WHAT TO WORK ON =>
Beginning at the line that holds "ohmysqueak online show" and continuing to the last line of the data below, transcribe every line word for word, without pictures.

SUPPLIED INFORMATION =>
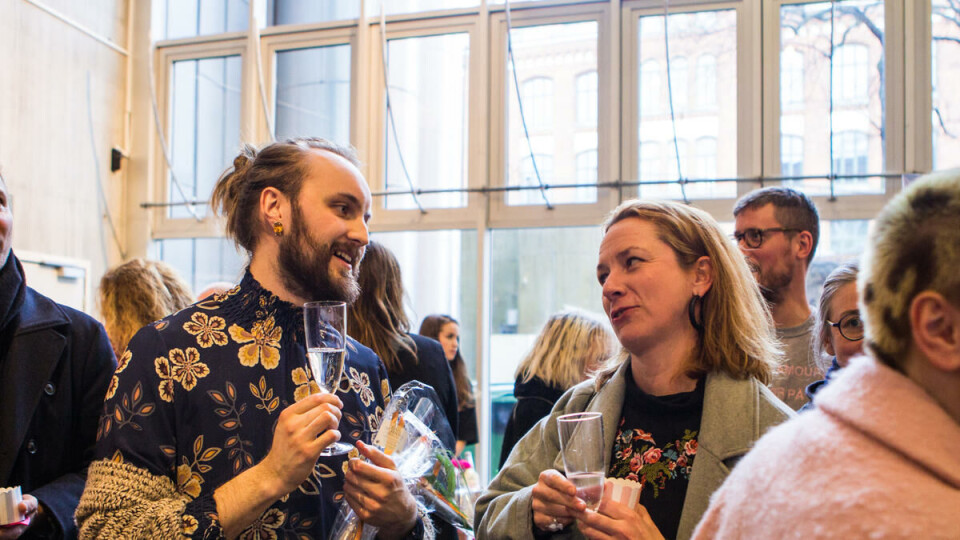 Minglestemning: Det er torsdag kveld og premierefest på KHiO for «This is it». Det har akkurat vært førpremiere på seriens andre del om livet etter KHiO, og gjestene har blitt loset ut i foajeen til mingling og forfriskninger. Her ser vi Aleksander Sahr, en av studentene som følges i serien.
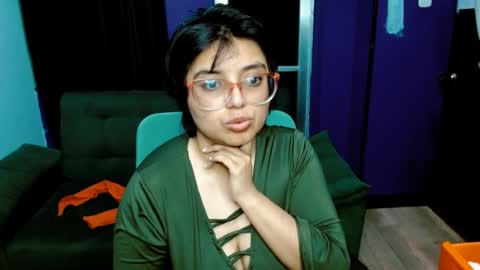 ohmysqueak online show from April 16, 11:00 am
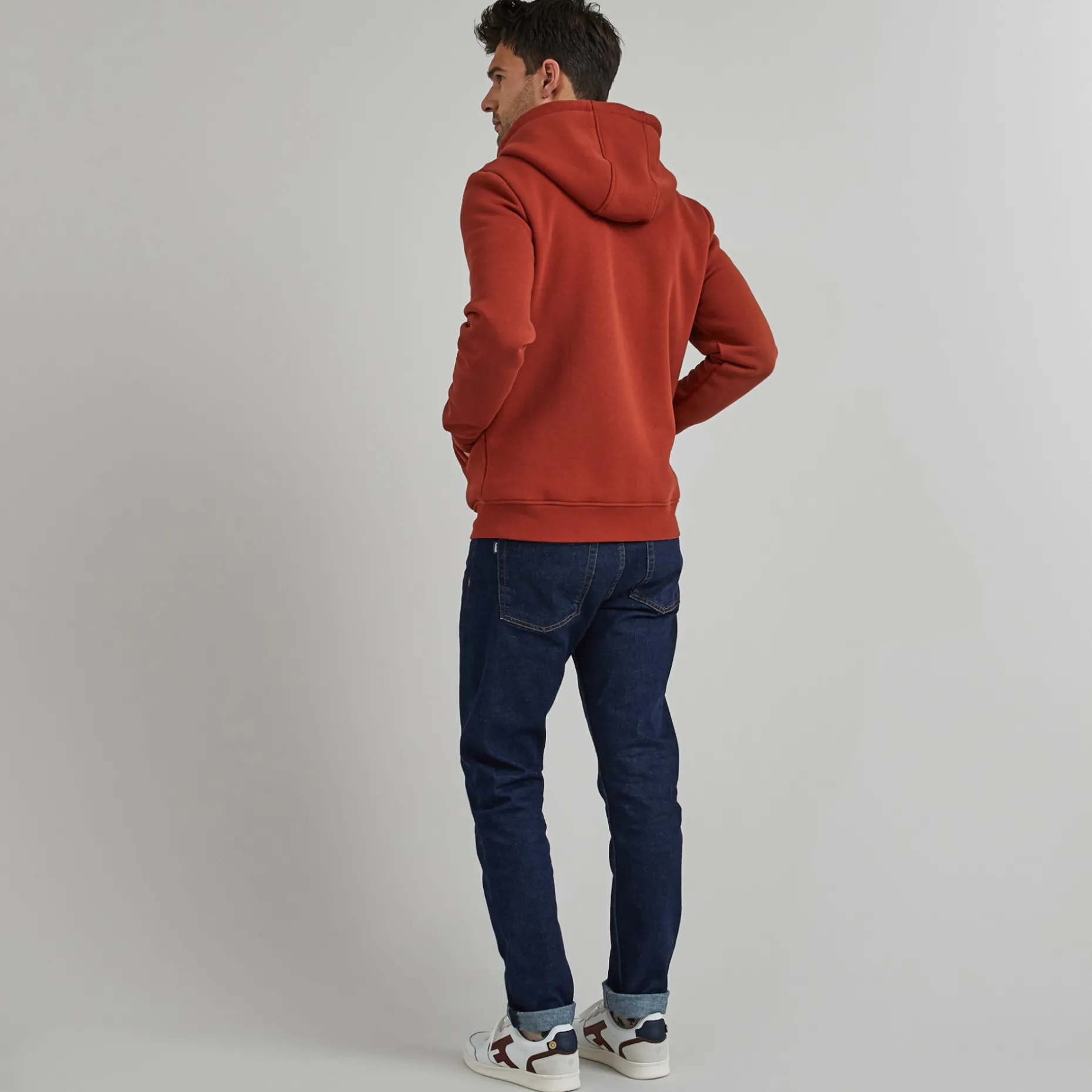 Sweat A Capuche Rouge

ANSWER FOR THE TASK =>
 ohmysqueak online show from April 16, 11:00 am
 Sweat A Capuche Rouge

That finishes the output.